Una grande festa rurale & paesana, nel senso migliore dei termini, con una partecipazione straordinaria di persone, la mobilitazione di un intero paese per abbellire il borgo e organizzare la Sagra del pane, ormai ultraventennale, e un calendario fittissimo di appuntamenti e degustazioni incentrati sull’arte bianca e una delle sue più nobili espressioni: il pane di Sardegna.
Sono arrivata nel primo pomeriggio, dopo una sfuriata del tempo che aveva lasciato pozzanghere profonde nelle strade di campagna.
Avevo sotto braccio un mazzo di libri, il mio nuovo saggio, La lingua dei santi, che si è venduto come il pane, a testimonianza che la cultura è viva e alberga in noi, a saperla riconoscere.
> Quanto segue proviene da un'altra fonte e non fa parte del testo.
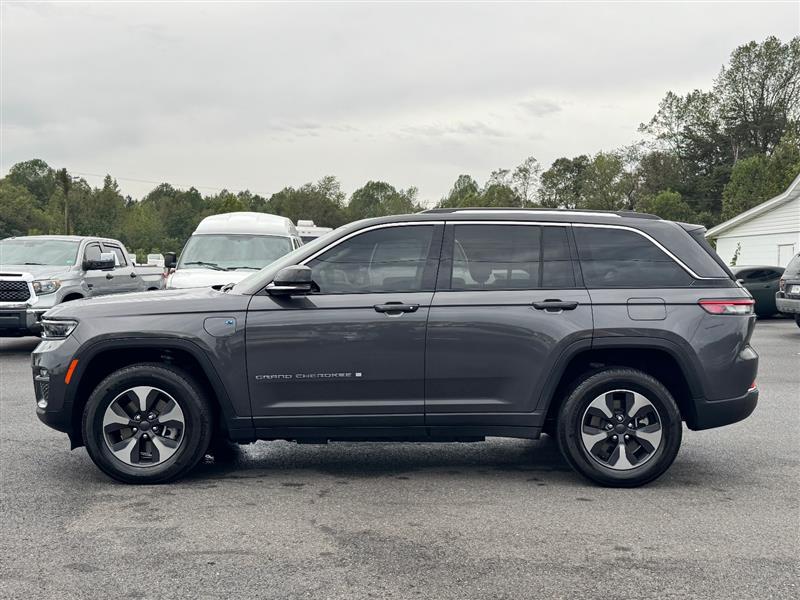 2023 Jeep Cherokee 4xe photo 9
Per il resto ero ospite di Sa Massaia, in un contesto di raffinata mostra di pani rituali festivi, a più mani, e nella stanza accanto due grossi forni attendevano di ingoiare i pani crudi preparati dal panificio, da Roberto Pisci e Cinzia Zoccheddu, per restituirli al mondo cotti, buoni da pensare e da mangiare.
In questa avventura di chiacchierata col pubblico la nutrizionista Tiziana Uras e l’agronomo Federico Corona, che si sono avvicendati con me a raccontare il pane, dalla semina all’assaggio e oltre.
Il pubblico? stipato nella stanza buona di s’apposentu, si è dimostrato attento e affettuoso. E ho avuto il piacere di conoscere gli ultraottantenni genitori di Roberto, due enciclopedie viventi di cultura contadina, con cui mi sono intrattenuta.
Il ritorno è stato leggiadro, avevo sul sedile posteriore chili di pane che profumavano tutta la macchina. Stanca ma felice, come sempre quando vado sul campo, e parlo con le persone sincere, che amano il buon cibo.